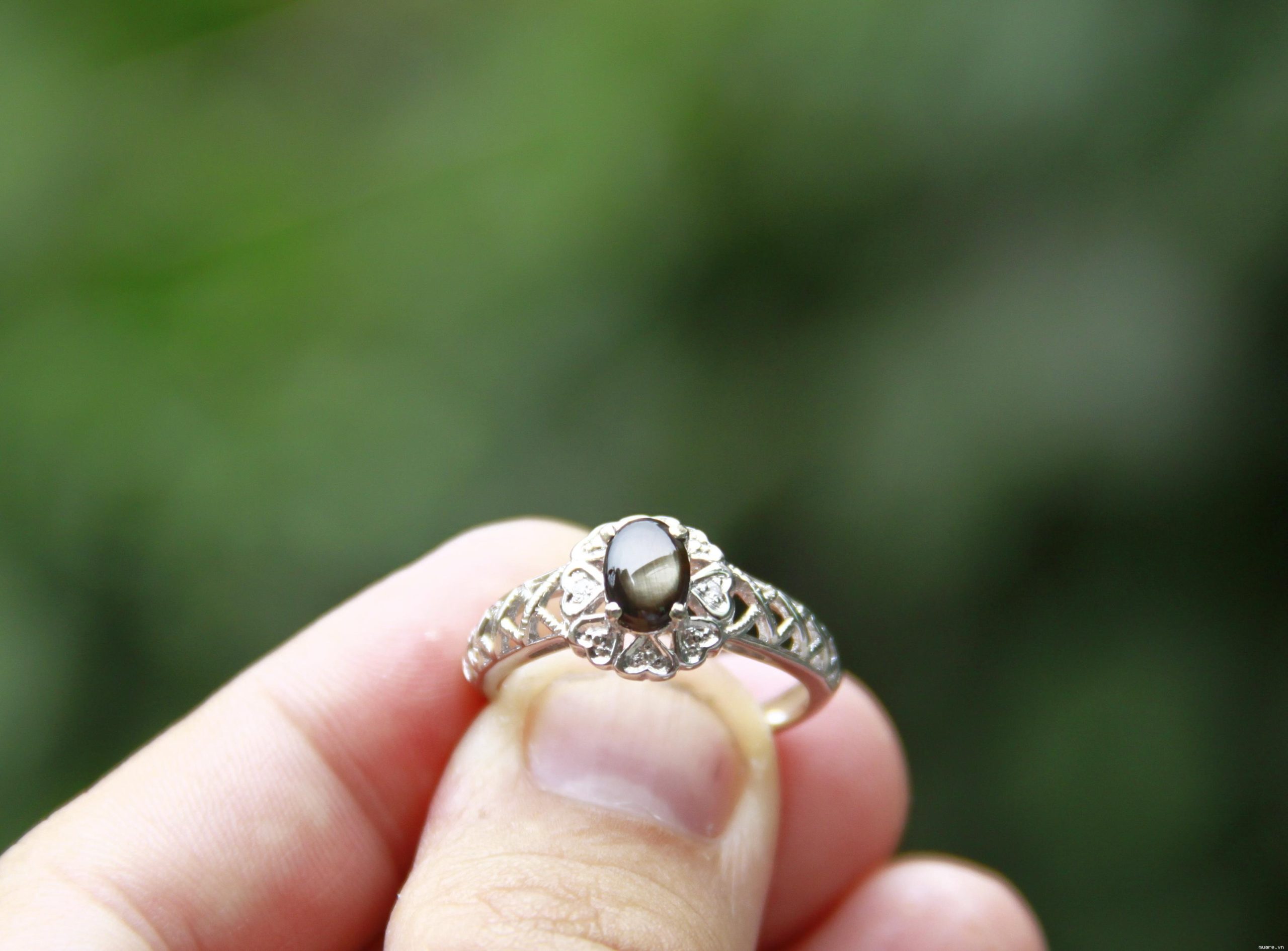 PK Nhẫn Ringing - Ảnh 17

---

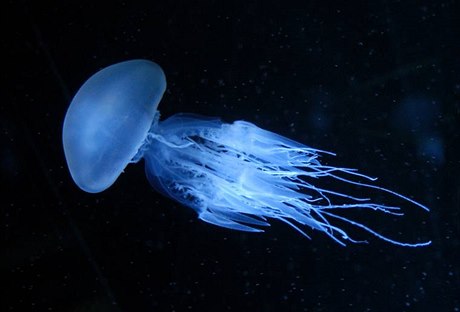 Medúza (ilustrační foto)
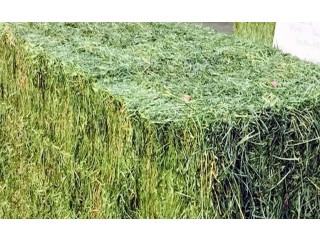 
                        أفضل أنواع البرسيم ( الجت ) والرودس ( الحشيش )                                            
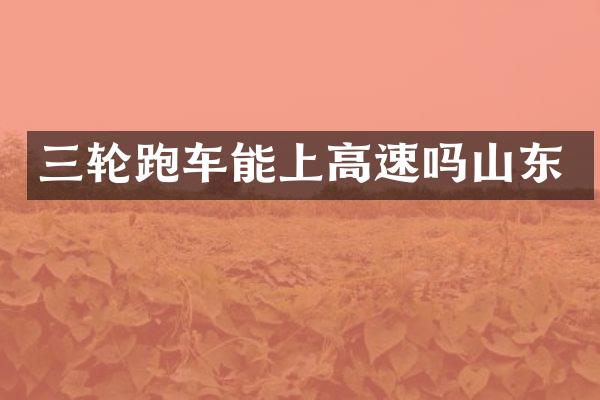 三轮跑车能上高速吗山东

---

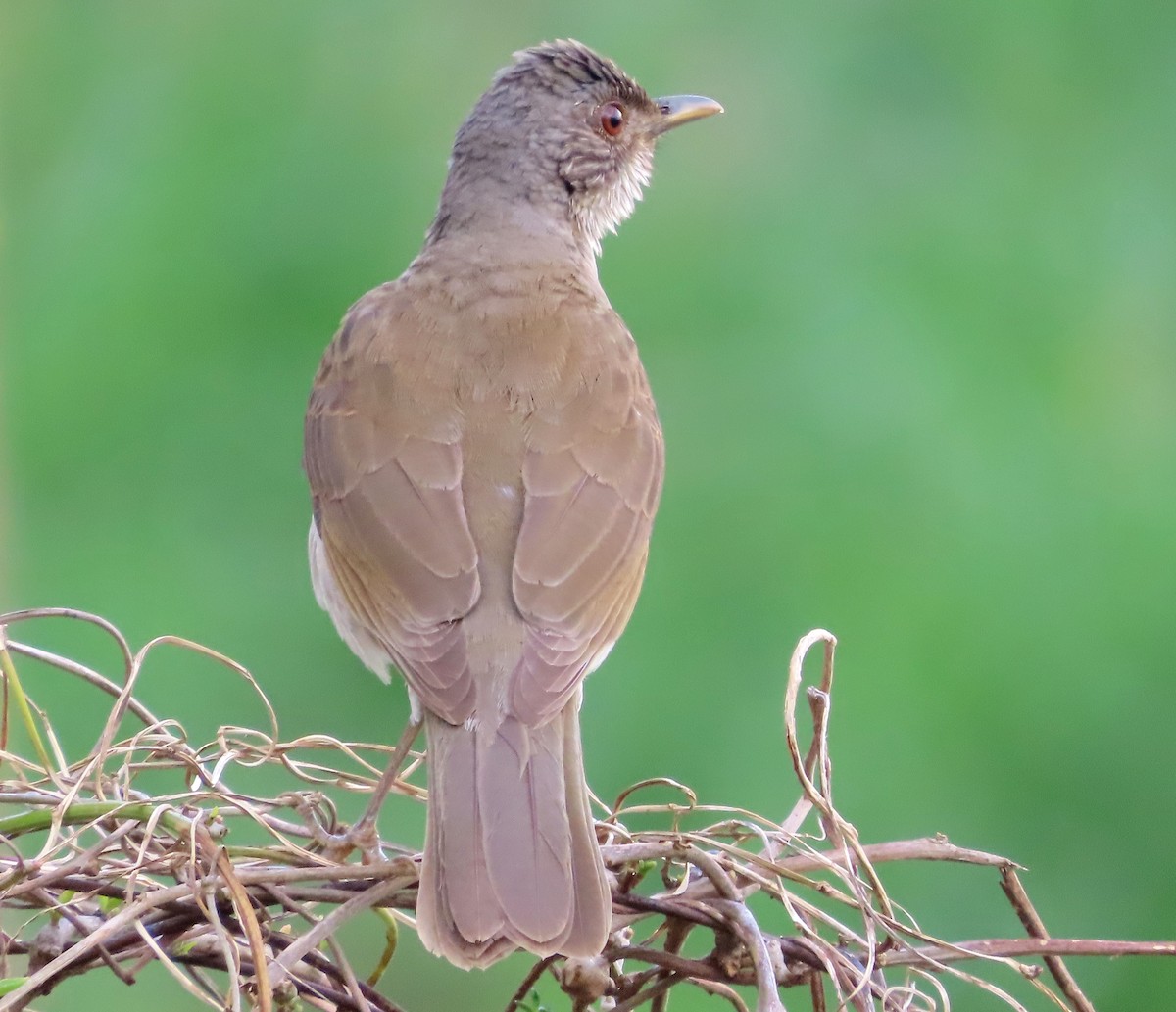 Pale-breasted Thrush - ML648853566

→ **What needs to be done**:
Nothing but the lines from the one containing "أفضل أنواع البرسيم" through the one containing "三轮跑车能上高速吗山东" should appear, copied exactly from the material above and without pictures.

→ **Answer to the exercise**:
                        أفضل أنواع البرسيم ( الجت ) والرودس ( الحشيش )                                            
 三轮跑车能上高速吗山东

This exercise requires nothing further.